▶ [Exercise directions] Working from the records below, repeat exactly the lines starting at the line that contains "Snapshot of evalunna__" and ending at the line that contains "430 Essa Road 422, Barrie, On L9j 0m1", inclusive.

(Stored data entries)
↓↓↓
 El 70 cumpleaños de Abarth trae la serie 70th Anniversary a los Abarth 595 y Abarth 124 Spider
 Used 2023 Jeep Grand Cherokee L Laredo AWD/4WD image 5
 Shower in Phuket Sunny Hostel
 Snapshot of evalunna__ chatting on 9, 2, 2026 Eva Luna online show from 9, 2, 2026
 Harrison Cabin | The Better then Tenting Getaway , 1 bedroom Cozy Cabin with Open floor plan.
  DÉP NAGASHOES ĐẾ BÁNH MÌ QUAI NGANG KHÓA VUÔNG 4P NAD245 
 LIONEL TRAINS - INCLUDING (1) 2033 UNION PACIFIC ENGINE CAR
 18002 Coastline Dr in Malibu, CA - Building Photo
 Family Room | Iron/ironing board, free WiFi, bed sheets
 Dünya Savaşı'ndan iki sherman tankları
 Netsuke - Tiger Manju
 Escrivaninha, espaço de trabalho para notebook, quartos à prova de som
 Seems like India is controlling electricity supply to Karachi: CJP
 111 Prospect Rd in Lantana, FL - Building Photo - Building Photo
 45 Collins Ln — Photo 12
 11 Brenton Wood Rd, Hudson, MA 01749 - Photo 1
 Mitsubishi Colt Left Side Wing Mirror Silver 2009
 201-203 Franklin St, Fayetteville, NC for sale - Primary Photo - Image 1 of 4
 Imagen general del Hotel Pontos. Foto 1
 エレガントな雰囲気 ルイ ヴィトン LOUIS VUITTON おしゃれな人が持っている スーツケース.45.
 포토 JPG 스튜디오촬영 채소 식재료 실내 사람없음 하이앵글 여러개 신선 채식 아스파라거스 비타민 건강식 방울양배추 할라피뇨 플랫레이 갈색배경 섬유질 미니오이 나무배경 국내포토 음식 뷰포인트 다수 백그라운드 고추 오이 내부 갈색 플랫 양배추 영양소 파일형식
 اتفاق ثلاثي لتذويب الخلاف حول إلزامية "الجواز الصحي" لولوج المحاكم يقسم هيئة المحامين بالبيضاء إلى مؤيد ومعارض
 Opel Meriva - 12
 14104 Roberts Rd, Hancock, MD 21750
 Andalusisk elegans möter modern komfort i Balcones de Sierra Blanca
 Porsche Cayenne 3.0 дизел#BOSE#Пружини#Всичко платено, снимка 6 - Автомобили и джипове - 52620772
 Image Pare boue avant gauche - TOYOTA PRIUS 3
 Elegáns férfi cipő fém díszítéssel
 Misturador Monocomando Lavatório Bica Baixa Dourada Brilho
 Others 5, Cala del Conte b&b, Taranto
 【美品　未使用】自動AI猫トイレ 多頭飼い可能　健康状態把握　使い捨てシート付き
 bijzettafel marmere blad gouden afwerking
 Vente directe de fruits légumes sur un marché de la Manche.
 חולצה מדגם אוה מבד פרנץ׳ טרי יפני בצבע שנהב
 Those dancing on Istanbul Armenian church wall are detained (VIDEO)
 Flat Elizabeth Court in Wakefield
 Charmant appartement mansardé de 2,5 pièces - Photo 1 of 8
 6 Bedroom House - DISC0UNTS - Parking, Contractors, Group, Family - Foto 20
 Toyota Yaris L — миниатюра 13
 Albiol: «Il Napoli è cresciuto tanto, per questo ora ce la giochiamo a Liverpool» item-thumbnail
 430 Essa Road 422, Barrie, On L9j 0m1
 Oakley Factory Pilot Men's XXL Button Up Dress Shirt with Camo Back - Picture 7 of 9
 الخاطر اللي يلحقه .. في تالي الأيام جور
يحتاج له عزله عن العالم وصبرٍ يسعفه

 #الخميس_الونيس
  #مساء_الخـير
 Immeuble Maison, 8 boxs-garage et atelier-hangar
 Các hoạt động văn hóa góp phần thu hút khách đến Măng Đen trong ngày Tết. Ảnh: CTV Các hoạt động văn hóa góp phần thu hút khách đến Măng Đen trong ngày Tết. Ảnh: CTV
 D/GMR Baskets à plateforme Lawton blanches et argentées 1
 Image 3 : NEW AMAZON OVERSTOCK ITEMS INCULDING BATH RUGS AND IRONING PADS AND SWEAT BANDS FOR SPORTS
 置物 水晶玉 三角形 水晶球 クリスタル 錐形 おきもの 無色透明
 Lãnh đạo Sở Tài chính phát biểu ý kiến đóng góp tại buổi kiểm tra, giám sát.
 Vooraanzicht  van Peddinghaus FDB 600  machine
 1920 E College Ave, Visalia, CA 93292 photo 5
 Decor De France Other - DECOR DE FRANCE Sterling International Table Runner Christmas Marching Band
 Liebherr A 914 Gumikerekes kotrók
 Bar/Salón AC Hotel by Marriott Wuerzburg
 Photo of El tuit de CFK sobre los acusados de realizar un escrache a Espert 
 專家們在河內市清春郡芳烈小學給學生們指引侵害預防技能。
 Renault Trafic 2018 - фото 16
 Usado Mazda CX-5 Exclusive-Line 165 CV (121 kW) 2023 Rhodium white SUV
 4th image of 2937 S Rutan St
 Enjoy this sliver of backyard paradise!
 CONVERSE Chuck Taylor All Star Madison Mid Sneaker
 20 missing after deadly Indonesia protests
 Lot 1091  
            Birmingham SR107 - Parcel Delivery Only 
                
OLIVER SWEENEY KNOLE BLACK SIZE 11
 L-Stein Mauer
↑↑↑
▶ [Result of this exercise]
 Snapshot of evalunna__ chatting on 9, 2, 2026 Eva Luna online show from 9, 2, 2026
 Harrison Cabin | The Better then Tenting Getaway , 1 bedroom Cozy Cabin with Open floor plan.
  DÉP NAGASHOES ĐẾ BÁNH MÌ QUAI NGANG KHÓA VUÔNG 4P NAD245 
 LIONEL TRAINS - INCLUDING (1) 2033 UNION PACIFIC ENGINE CAR
 18002 Coastline Dr in Malibu, CA - Building Photo
 Family Room | Iron/ironing board, free WiFi, bed sheets
 Dünya Savaşı'ndan iki sherman tankları
 Netsuke - Tiger Manju
 Escrivaninha, espaço de trabalho para notebook, quartos à prova de som
 Seems like India is controlling electricity supply to Karachi: CJP
 111 Prospect Rd in Lantana, FL - Building Photo - Building Photo
 45 Collins Ln — Photo 12
 11 Brenton Wood Rd, Hudson, MA 01749 - Photo 1
 Mitsubishi Colt Left Side Wing Mirror Silver 2009
 201-203 Franklin St, Fayetteville, NC for sale - Primary Photo - Image 1 of 4
 Imagen general del Hotel Pontos. Foto 1
 エレガントな雰囲気 ルイ ヴィトン LOUIS VUITTON おしゃれな人が持っている スーツケース.45.
 포토 JPG 스튜디오촬영 채소 식재료 실내 사람없음 하이앵글 여러개 신선 채식 아스파라거스 비타민 건강식 방울양배추 할라피뇨 플랫레이 갈색배경 섬유질 미니오이 나무배경 국내포토 음식 뷰포인트 다수 백그라운드 고추 오이 내부 갈색 플랫 양배추 영양소 파일형식
 اتفاق ثلاثي لتذويب الخلاف حول إلزامية "الجواز الصحي" لولوج المحاكم يقسم هيئة المحامين بالبيضاء إلى مؤيد ومعارض
 Opel Meriva - 12
 14104 Roberts Rd, Hancock, MD 21750
 Andalusisk elegans möter modern komfort i Balcones de Sierra Blanca
 Porsche Cayenne 3.0 дизел#BOSE#Пружини#Всичко платено, снимка 6 - Автомобили и джипове - 52620772
 Image Pare boue avant gauche - TOYOTA PRIUS 3
 Elegáns férfi cipő fém díszítéssel
 Misturador Monocomando Lavatório Bica Baixa Dourada Brilho
 Others 5, Cala del Conte b&b, Taranto
 【美品　未使用】自動AI猫トイレ 多頭飼い可能　健康状態把握　使い捨てシート付き
 bijzettafel marmere blad gouden afwerking
 Vente directe de fruits légumes sur un marché de la Manche.
 חולצה מדגם אוה מבד פרנץ׳ טרי יפני בצבע שנהב
 Those dancing on Istanbul Armenian church wall are detained (VIDEO)
 Flat Elizabeth Court in Wakefield
 Charmant appartement mansardé de 2,5 pièces - Photo 1 of 8
 6 Bedroom House - DISC0UNTS - Parking, Contractors, Group, Family - Foto 20
 Toyota Yaris L — миниатюра 13
 Albiol: «Il Napoli è cresciuto tanto, per questo ora ce la giochiamo a Liverpool» item-thumbnail
 430 Essa Road 422, Barrie, On L9j 0m1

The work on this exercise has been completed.